Plaintiff asserts, however, that Duke was more than a mere witness in the proceeding against him. She was a "vital" witness without whose testimony the case would not have been prosecuted. In support of this contention, plaintiff offers the deposition testimony of the New Jersey prosecutor. Plaintiff further argues that New Jersey has adopted a "proximate cause" test for the element of institution or continuation, and that defendant's acts most certainly were such a proximate cause of the prosecution.

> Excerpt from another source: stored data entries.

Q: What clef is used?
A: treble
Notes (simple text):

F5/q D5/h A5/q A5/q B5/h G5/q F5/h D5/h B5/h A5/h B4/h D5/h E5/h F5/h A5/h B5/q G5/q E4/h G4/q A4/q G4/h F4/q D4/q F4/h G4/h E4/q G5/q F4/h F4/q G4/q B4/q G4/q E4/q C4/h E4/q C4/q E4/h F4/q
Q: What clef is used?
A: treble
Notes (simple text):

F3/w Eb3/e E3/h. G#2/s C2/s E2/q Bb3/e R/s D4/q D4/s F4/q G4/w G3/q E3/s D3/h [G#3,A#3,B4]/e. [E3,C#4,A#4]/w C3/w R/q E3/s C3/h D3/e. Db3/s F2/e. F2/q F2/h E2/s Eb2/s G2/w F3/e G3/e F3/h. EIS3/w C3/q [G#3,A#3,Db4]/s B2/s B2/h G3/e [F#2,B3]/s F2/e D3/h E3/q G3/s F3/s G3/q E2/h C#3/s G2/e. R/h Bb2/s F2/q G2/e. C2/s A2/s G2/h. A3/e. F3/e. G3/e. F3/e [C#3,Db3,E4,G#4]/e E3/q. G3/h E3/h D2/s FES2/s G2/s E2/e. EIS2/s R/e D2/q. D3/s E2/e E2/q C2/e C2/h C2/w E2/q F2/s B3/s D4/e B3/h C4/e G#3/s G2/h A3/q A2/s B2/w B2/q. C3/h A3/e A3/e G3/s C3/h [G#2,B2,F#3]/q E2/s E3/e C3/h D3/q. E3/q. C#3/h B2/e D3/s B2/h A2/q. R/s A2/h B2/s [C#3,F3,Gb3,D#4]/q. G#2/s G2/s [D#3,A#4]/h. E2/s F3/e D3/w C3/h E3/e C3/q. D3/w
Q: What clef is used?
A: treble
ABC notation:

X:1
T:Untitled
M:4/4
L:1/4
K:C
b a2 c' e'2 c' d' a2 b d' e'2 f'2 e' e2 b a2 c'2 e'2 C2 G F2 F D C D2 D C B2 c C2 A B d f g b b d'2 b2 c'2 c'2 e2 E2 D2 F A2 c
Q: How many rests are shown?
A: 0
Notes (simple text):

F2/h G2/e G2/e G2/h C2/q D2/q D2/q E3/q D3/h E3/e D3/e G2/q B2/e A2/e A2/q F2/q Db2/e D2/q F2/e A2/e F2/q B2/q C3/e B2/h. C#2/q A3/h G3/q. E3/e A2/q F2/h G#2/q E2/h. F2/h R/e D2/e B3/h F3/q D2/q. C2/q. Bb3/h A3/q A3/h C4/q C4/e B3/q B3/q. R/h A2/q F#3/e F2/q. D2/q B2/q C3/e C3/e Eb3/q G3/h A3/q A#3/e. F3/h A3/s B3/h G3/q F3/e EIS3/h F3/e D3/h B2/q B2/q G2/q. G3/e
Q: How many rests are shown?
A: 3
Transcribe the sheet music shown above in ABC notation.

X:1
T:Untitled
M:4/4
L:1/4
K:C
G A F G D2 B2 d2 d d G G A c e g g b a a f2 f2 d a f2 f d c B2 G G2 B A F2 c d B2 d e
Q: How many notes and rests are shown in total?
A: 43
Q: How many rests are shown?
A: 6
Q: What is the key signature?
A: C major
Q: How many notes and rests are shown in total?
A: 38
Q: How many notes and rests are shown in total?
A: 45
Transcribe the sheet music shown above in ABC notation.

While there is language in the New Jersey cases to the effect that the courts will look for the "proximate and efficient cause of maliciously putting the law in motion", we do not understand this to mean that the law of New Jersey differs in the elements of a malicious prosecution cause of action from the law of other states. In the two cases cited by plaintiff for this rule, the factual circumstances were such that the usual formulation of a malicious prosecution cause of action did not precisely fit the case. See Devlin v. Greiner, 147 N.J.Super. 446, 371 A.2d 380 (Law Div. 1977); Seidel v. Greenberg, 108 N.J.Super. 248, 260 A.2d 863 (Law Div. 1969).

In Seidel, the plaintiff had been prosecuted for a crime which the defendants in fact had committed. Knowing of the prosecution, and of plaintiff's innocence, defendants failed to come forward with such information or in any way attempt to stop the prosecution. The court noted that defendants had not themselves made any accusations against plaintiff which set the proceedings in motion, or caused their continuance, and that

[i]t is the normal rule in malicious prosecution cases that mere passive knowledge of, or acquiescence or consent in, the acts of another who causes a prosecution, is not sufficient to make one liable, and that in order to impose liability there must be some affirmative action by way of advice, encouragement, pressure, etc., in the institution, or causing the institution, of the prosecution or in affirmatively encouraging its continuance after it has been instituted.
Seidel v. Greenberg, 260 A.2d at 868.

The court in Seidel also noted that "[i]t is commonly stated that an action for malicious prosecution is not favored in the law, and this is so because of the obvious public policy of having criminals brought to the bar of justice and encouraging citizens to come forward to aid in the prosecution of criminals without fear of civil suits for damages for their acts in so doing." Id. It was only "on the facts of this case", id. (emphasis in original), that the court held plaintiff to have a cause of action in malicious prosecution, emphasizing the defendants' intentional, wrongful acts and the lack of a "nicely defined or established `cubbyhole' of the law" in which plaintiff's case might more properly fit. Id.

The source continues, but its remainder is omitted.